Classic MIPS doesn't do branch prediction + speculative execution (it has a branch-delay slot to hide the bubble from the control dependency instead). But for this to work, it needs the branch input ready in the ID stage, so reading the result of the previous add (which produces a result at the end of EX) will cause a 1 cycle stall. (Or worse depending on whether forwarding to the ID stage is supported. https://courses.engr.illinois.edu/cs232/sp2009/exams/final/2002-spring-final-sol.pdf question 2 Part (a) has an example like this, but I think they under-count the stall cycles if you need to wait for add WB to complete before bne/bgtz ID can start.)

So anyway, this should run at best 1 iteration per 4 cycles on a scalar in-order MIPS I that can forward from EX to ID. 3 instructions + 1 stall cycle before each bgtz.

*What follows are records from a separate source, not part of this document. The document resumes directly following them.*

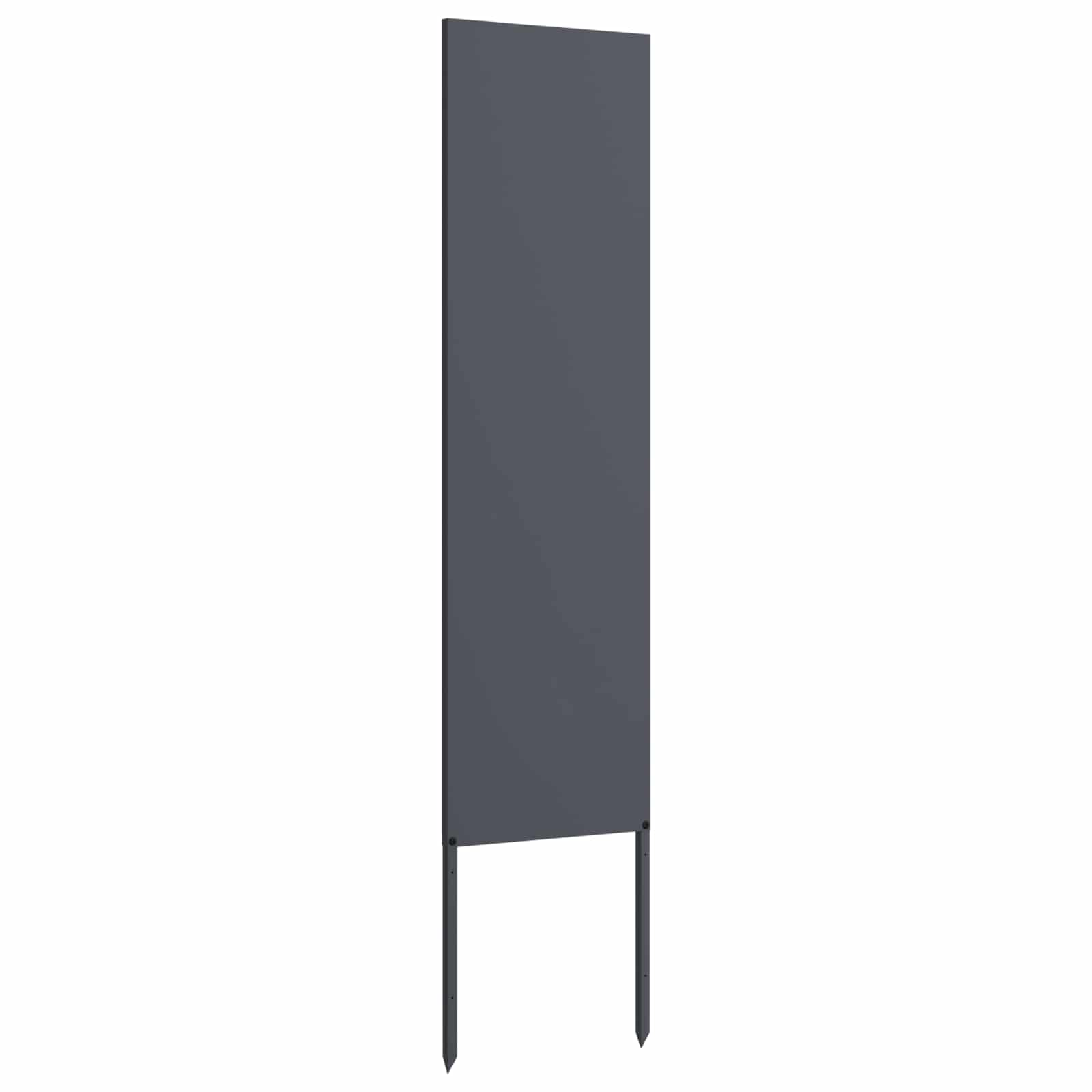 Garden Privacy Screen Anthracite 32 x 140 cm Cold-rolled steel
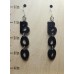 BOO (Black) Laser-Cut Wooden Earrings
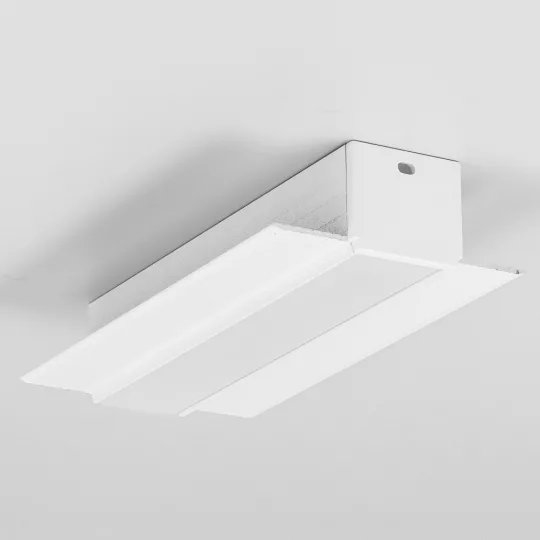 Topmet gipszkarton LED profil LINEA-IN20 Trimless festett fehér színben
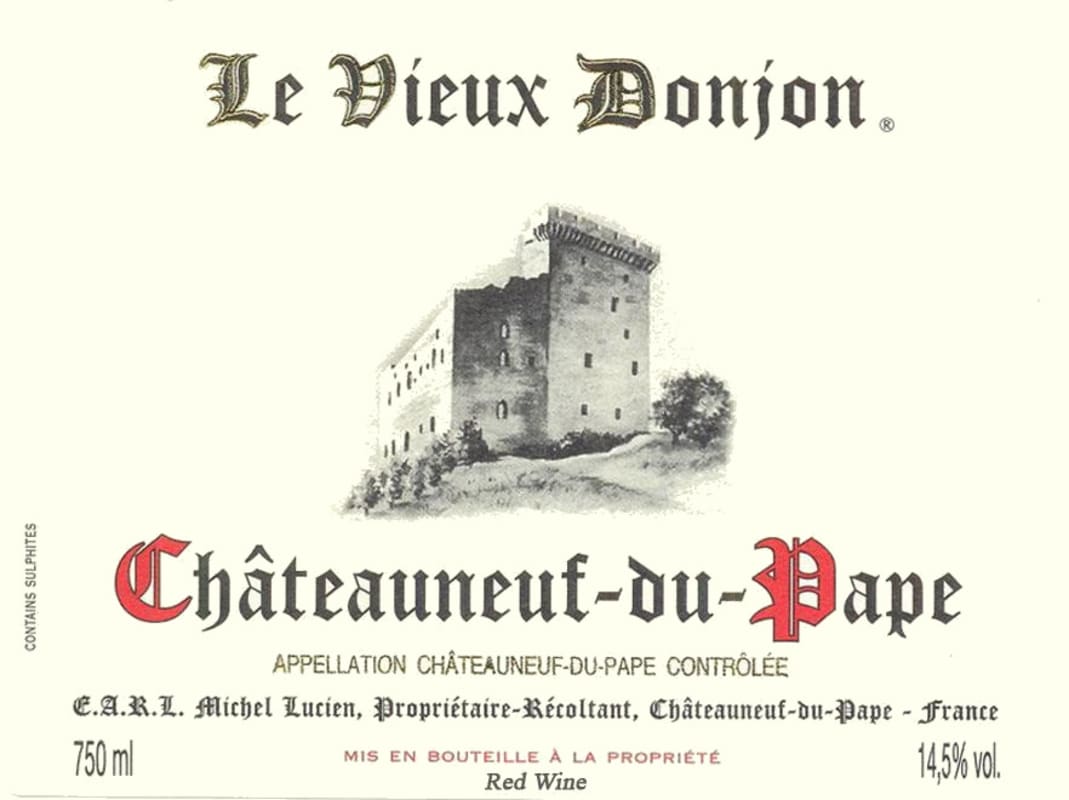 Le Vieux Donjon Chateauneuf-du-Pape Blanc 2011 Front Label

We can optimize it by putting the add $a0, $a0, $t0 between the loop counter and the branch, filling that stall cycle with useful work.

 li    $a0, 10                        # total = counter    # peel the first iteration
 li    $t0, 10-1                      # loop counter, with first -- peeled

Loop:                                 # do{
                                          # counter--   (in the branch delay slot and peeled before first iteration)
 add   $a0, $a0, $t0                      # total += counter
 bgtz  $t0, Loop                      # } while($t0 > 0);
 addi  $t0, $t0, -1

This runs at 3 cycles / iteration, for 3 instructions with no stall cycles (again assuming forwarding from EX to ID).

Putting the counter-- in the branch delay slot puts it as far before the next execution of the loop branch as possible. A simple bne instead of bgtz would work, too; we know the loop counter starts out signed positive and decreases by 1 each iteration, so it's not critical that we keep checking for non-negative as well as non-zero.

I have no idea what performance model you're using. If it's not a classic 5-stage MIPS then the above is irrelevant.